Omikuji - Take Only Good Luck With You
Try Omikuji Fortunes at Shrines and Temples
Omikuji - おみくじ - are fortune papers from temples and shrines that offer advice for your health, career, and good luck in general. There are positive ones - marked kichi 吉 - and negative ones - marked kyou 凶. The most positive one is the daikichi 大吉, the big fortune.
You can find omikuji at both temples and shrines. At Senso-ji temple in Asakusa you shake a box full of sticks. The stick you draw shows the number of your omikuji. Take a paper from the drawer with the corresponding number and see if you are 吉 lucky.
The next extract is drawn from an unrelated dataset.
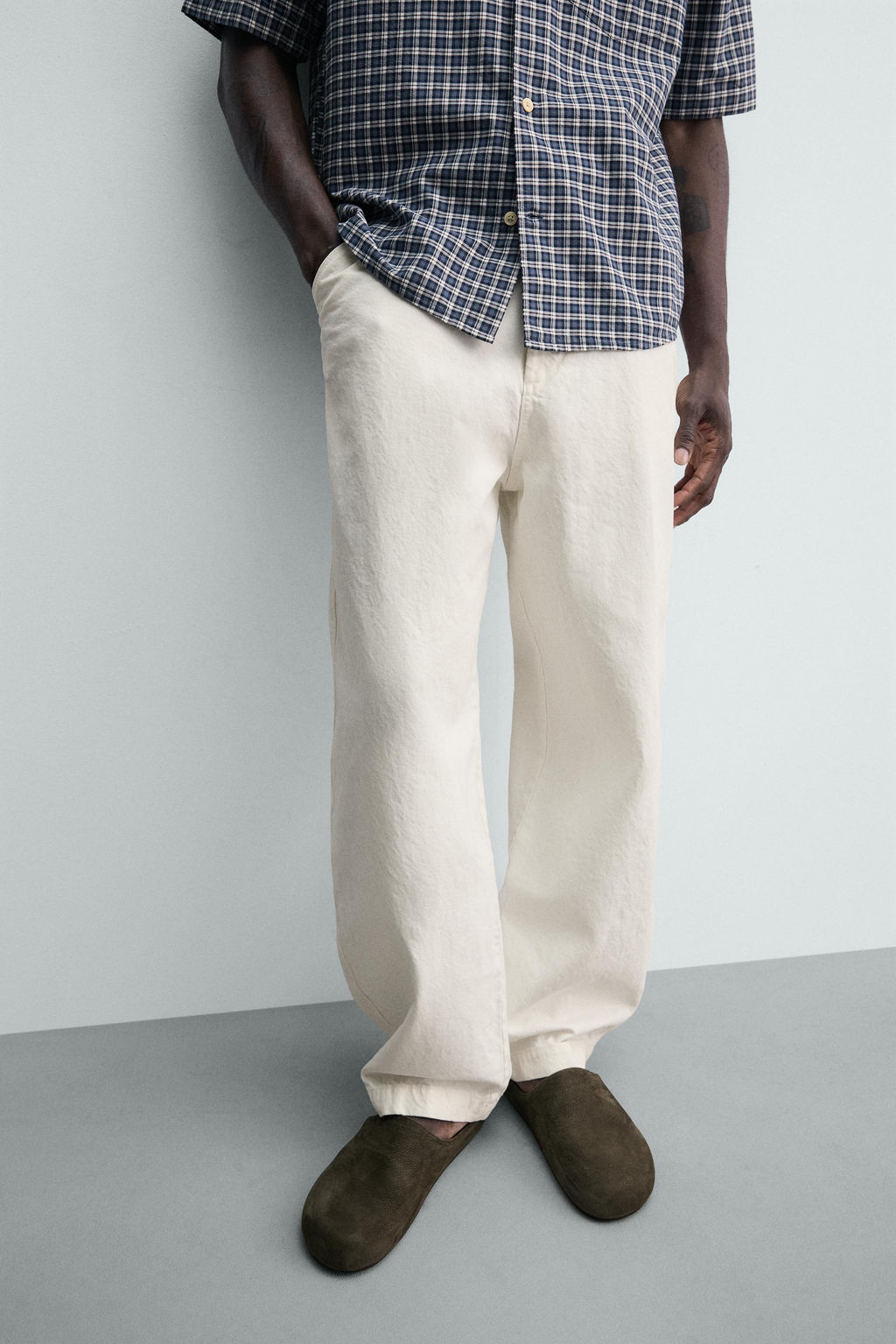 PANTAL?N CARPINTERO RELAXED FIT / Blanco roto - Zara фото 5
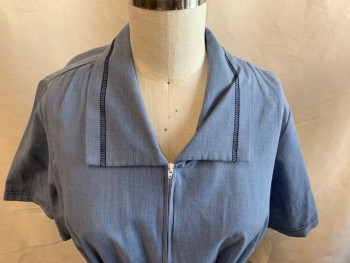 ZIP & DASH, Dusty Blue, Poly/Cotton, Heathered, Zip Front, Short Sleeves, Collar Attached, Navy Contrast Stitching, 2 Pockets, Self Tie Belt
Other temples and shrines might give you a random omikuji or let you draw one.
Senso-ji's omikuji offer Japanese and English advice. Part of it reads like a poem. My first omikuji this year was a regular fortune 吉 with interesting imagery: "The big fish will grow up to be a giant bird and fly up to the sky, making so many violent high waves." There is also advice in specific categories such as illness, lost items, and travel such as "To start a trip is well, with no harm."
Since my omikuji was a positive one I kept it. It is a thin piece of paper you can keep in your wallet as a reminder of your visit. Had I drawn a negative 凶 omikuji, I would have folded it and tied it to the tree or line where the bad luck ones are collected. That way you leave bad luck behind at the shrine or temple and only take the good luck with you.
I am happy with my regular fortune and like to believe I can catch that big fish as my omikuji suggests: "When you throw a fishing rod, you can catch a chance to get a fine career like to get a giant fish."